By signing the Paris agreement nations around the world agreed, that in order to maintain a livable planet for future generations, we need jointly agreed, clear climate targets. The shared goal is not to exceed 1,5 degrees warming. Should temperatures rise above that, our entire human civilisation is at risk.
What needs to be remembered, is that this target is the absolute minimum in order to get back on a sustainable track, but even this is considered as unbelievably ambitious and very hard to achieve. The IPCC-report states that as a natural, science-based phenomena, the man-made climate change can be tackled, but just by scratching the surface of what needs to be done, it is easy to come to a conclusion that we are dealing with the most complicated challenge in human history.

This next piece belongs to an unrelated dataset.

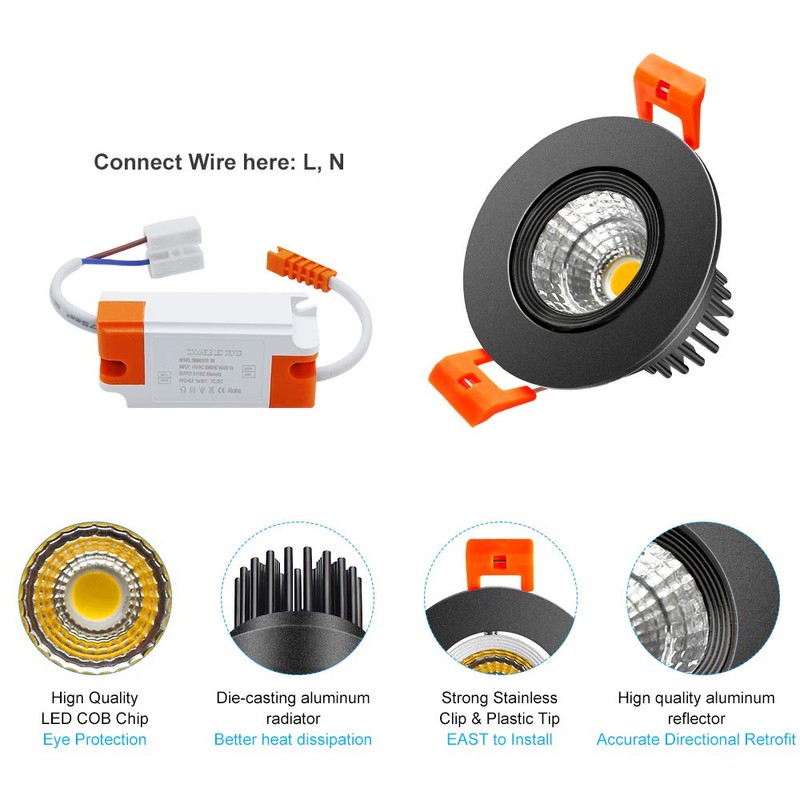 inShareplus 2 Inch LED Downlight, 3W Recessed Lighting COB Dimmable,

The Paris agreement addressed national targets but we also need to look at cities as game changing venues of action. Global urbanisation is rapidly accelerating at the same time as the climate crisis worsens. Therefore, we are to think of of urbanisation and climate change as requiring the same critical solutions.
Tuning cities closer to planetary boundaries requires an enormous variety of actions. It is important to be aware, that each city has its own climate performance, its own strengths as well as weaknesses. For example, Nordic cities have a long track record of finding good climate solutions regarding transport-based emissions. The Nordic cities typically have an efficient and integrated public transport system, enabling the city core and other key centres to be easily accessible by public transport. Cities, like Copenhagen, have also been able to implement a highly effective and climate friendly cycling infrastructure.
Traffic isn’t everything, though. In Helsinki, for example, approximately half of the city’s climate emissions are caused by the energy sector. Heating, in cities with cold climates, is one of the biggest sources of greenhouse gas emissions. Even Helsinki, with the worlds’ most energy efficient energy production, needs to still find ways to be even more energy efficient, in order to achieve carbon neutral energy production.
Helsinki now has an approved Climate Action Plan, entitled Carbon Neutral Helsinki 2035. This details 143 actions that enable Helsinki to achieve carbon neutrality by 2035. This is an ambitious target, speeding up the goal by 15 years from the earlier target year of 2050. Helsinki wants to be in the first row of cities, which will achieve this target and sets an example for other cities to follow.
What are the actions required by us city planners then? As Helsinki grows rapidly, we need to find ways to direct growth so that it weaves into the existing city fabric, where people are close to services, public transport and high-quality walking and cycling environments. The approved Helsinki City Plan states that we need smart density close to existing centres, transport hubs and turn the inner city high way corridors into city boulevards with housing and light railways and we need to connect the Helsinki region horizontally to increase the attractiveness of locations, which are currently not as well connected. We also need to look at how to increase the energy efficiency of the existing building stock and pilot carbon free project areas. Progress in implementing these strategies into actions is well on its way.
The good thing is that cities can learn from each other and share best practices. This is especially relieving when talking about the climate crisis. Quite simply, we don’t have time to think in silos and seek our separate solutions for reducing our carbon footprints to fit inside the planetary boundaries. Thus, we need to boost co-operation between the cities and take on global leadership in benchmarking good practice.
The Helsinki Impact Conference offers a great platform for this. Let’s have a conference full of climate wisdom where stealing the best ideas from each other is highly recommended!